» **Data for processing**:
● ● ● ●
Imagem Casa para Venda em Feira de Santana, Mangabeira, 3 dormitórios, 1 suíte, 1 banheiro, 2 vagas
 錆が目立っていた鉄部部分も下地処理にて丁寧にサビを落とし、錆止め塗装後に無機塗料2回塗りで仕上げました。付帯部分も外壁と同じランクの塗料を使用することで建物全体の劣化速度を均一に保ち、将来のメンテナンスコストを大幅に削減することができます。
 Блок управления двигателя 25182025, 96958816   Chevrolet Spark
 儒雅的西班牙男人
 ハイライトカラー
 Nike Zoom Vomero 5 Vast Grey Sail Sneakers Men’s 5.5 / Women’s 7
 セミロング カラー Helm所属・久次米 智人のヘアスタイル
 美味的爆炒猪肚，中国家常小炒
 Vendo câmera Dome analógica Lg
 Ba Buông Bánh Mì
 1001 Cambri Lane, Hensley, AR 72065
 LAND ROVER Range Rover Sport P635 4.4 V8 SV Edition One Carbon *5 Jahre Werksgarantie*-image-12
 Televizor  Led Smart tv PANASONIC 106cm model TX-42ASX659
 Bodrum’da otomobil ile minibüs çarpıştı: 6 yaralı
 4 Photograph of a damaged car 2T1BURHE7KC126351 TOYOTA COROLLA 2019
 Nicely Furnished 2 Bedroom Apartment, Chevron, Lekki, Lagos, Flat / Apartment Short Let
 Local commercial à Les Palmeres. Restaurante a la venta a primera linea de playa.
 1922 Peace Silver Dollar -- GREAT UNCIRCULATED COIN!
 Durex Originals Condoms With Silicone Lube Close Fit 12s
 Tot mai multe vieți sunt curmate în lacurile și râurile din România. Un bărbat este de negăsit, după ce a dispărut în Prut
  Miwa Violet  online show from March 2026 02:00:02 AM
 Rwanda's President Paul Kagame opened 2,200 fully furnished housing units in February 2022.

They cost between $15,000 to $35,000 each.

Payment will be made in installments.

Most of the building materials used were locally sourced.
● ● ● ●
» **Task brief**: Every entry is to be copied exactly, with none omitted.

» **Your response**:
Imagem Casa para Venda em Feira de Santana, Mangabeira, 3 dormitórios, 1 suíte, 1 banheiro, 2 vagas
 錆が目立っていた鉄部部分も下地処理にて丁寧にサビを落とし、錆止め塗装後に無機塗料2回塗りで仕上げました。付帯部分も外壁と同じランクの塗料を使用することで建物全体の劣化速度を均一に保ち、将来のメンテナンスコストを大幅に削減することができます。
 Блок управления двигателя 25182025, 96958816   Chevrolet Spark
 儒雅的西班牙男人
 ハイライトカラー
 Nike Zoom Vomero 5 Vast Grey Sail Sneakers Men’s 5.5 / Women’s 7
 セミロング カラー Helm所属・久次米 智人のヘアスタイル
 美味的爆炒猪肚，中国家常小炒
 Vendo câmera Dome analógica Lg
 Ba Buông Bánh Mì
 1001 Cambri Lane, Hensley, AR 72065
 LAND ROVER Range Rover Sport P635 4.4 V8 SV Edition One Carbon *5 Jahre Werksgarantie*-image-12
 Televizor  Led Smart tv PANASONIC 106cm model TX-42ASX659
 Bodrum’da otomobil ile minibüs çarpıştı: 6 yaralı
 4 Photograph of a damaged car 2T1BURHE7KC126351 TOYOTA COROLLA 2019
 Nicely Furnished 2 Bedroom Apartment, Chevron, Lekki, Lagos, Flat / Apartment Short Let
 Local commercial à Les Palmeres. Restaurante a la venta a primera linea de playa.
 1922 Peace Silver Dollar -- GREAT UNCIRCULATED COIN!
 Durex Originals Condoms With Silicone Lube Close Fit 12s
 Tot mai multe vieți sunt curmate în lacurile și râurile din România. Un bărbat este de negăsit, după ce a dispărut în Prut
  Miwa Violet  online show from March 2026 02:00:02 AM
 Rwanda's President Paul Kagame opened 2,200 fully furnished housing units in February 2022.

They cost between $15,000 to $35,000 each.

Payment will be made in installments.

Most of the building materials used were locally sourced.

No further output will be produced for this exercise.